#### What to work on
With the pictures omitted, output word for word the lines from the one containing "Foldable Laundry Basket" through the end of the records.

#### Supplied material
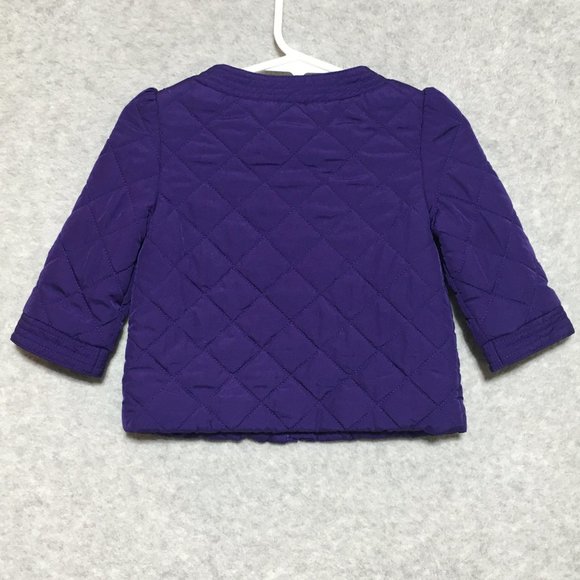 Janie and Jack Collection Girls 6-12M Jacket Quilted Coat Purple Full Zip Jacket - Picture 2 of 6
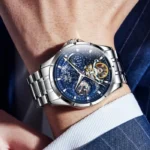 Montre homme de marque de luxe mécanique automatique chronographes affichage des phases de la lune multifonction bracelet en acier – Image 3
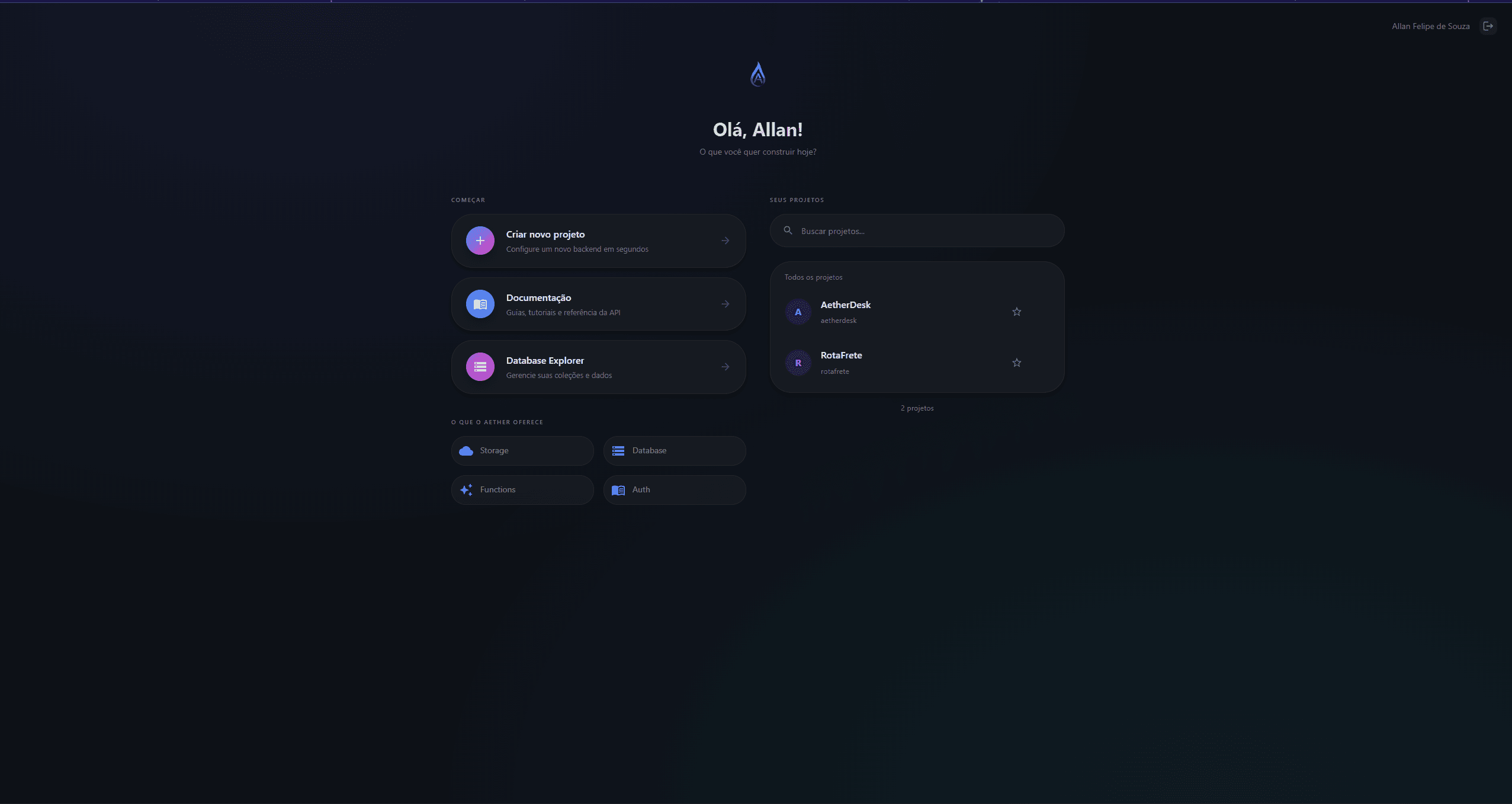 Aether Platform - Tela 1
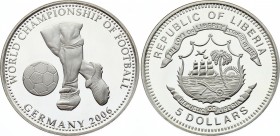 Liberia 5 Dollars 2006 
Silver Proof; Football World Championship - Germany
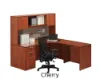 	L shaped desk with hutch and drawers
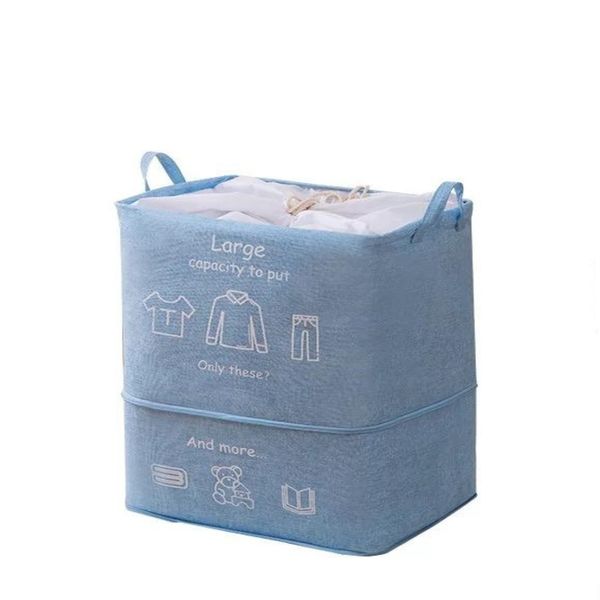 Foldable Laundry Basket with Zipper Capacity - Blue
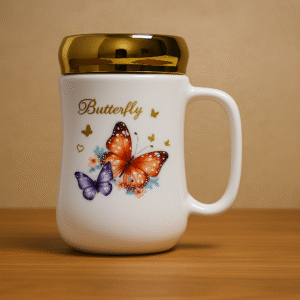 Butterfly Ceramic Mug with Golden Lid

#### Reply
 Foldable Laundry Basket with Zipper Capacity - Blue
 Butterfly Ceramic Mug with Golden Lid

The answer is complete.